(Beginning of RECORDS TO USE)

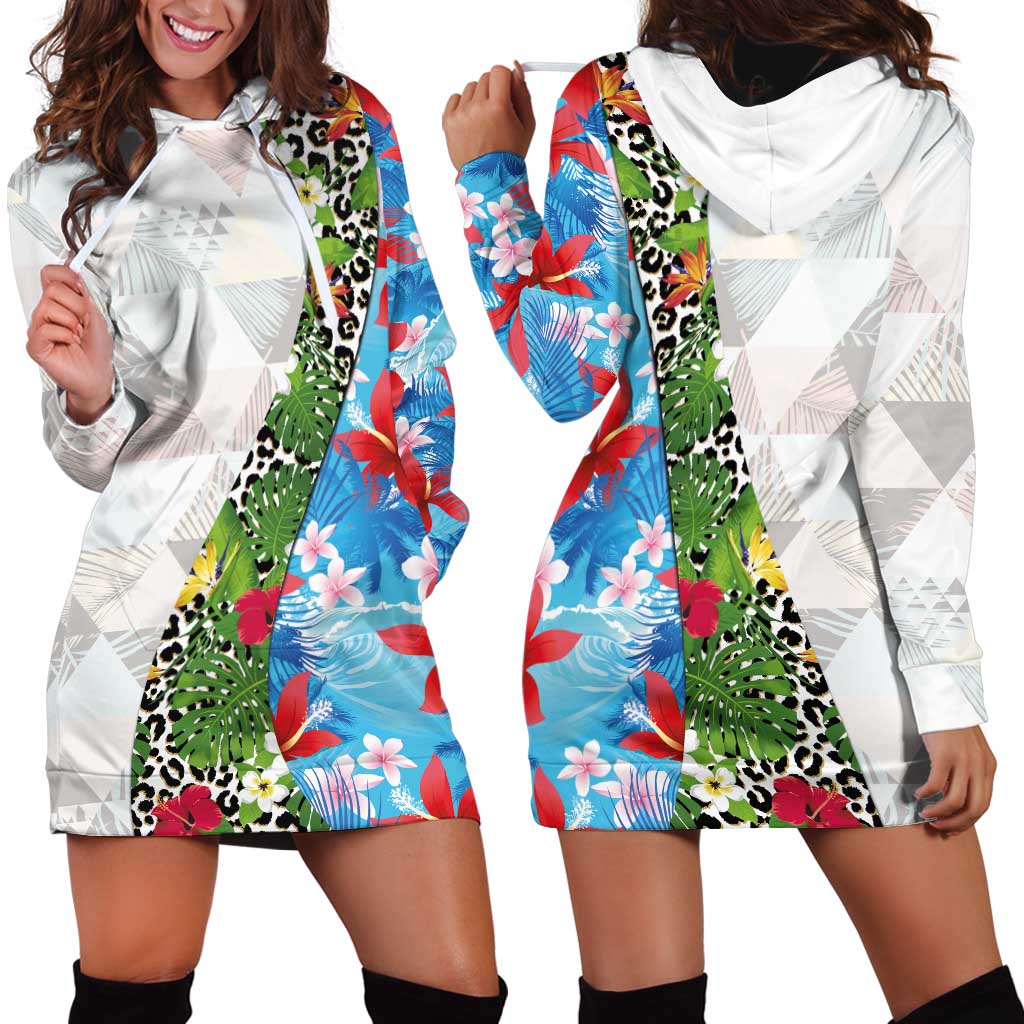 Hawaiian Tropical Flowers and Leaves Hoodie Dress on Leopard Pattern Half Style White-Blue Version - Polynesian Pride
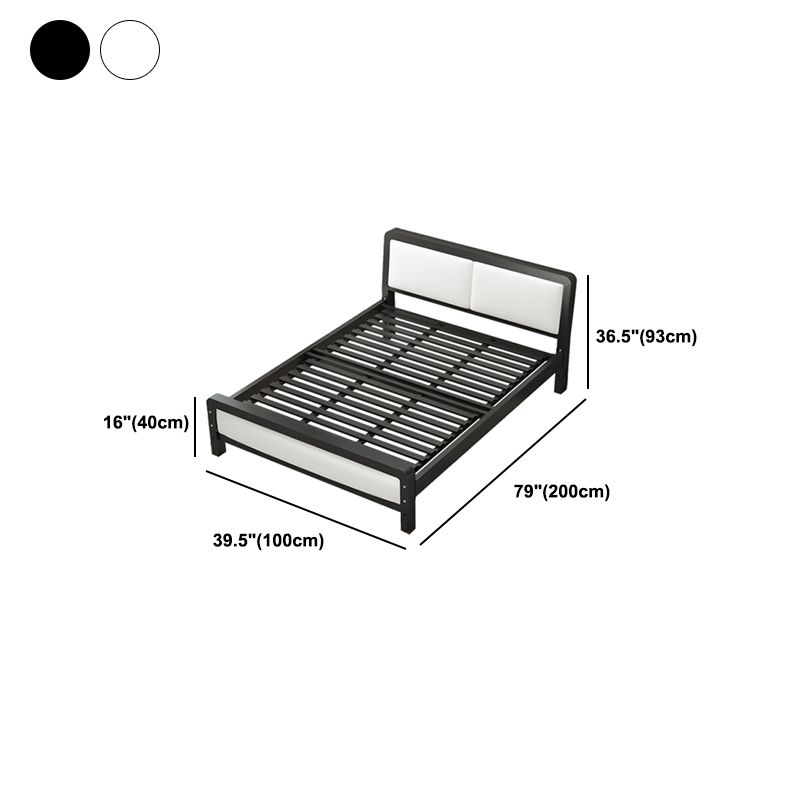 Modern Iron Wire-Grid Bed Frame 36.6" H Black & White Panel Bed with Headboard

(End of RECORDS TO USE)
(Beginning of RECORDS TO USE)

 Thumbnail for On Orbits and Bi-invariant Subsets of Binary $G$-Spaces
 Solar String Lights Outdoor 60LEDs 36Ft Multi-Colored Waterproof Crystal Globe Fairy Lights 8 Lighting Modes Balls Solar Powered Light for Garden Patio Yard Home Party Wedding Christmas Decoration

(End of RECORDS TO USE)

> [WORK ITEM]
Please write out, exactly as they appear above, only the lines in the stretch from the line with "Thumbnail for On" through the line with "Solar String Lights".

> [WRITTEN ANSWER]
 Thumbnail for On Orbits and Bi-invariant Subsets of Binary $G$-Spaces
 Solar String Lights Outdoor 60LEDs 36Ft Multi-Colored Waterproof Crystal Globe Fairy Lights 8 Lighting Modes Balls Solar Powered Light for Garden Patio Yard Home Party Wedding Christmas Decoration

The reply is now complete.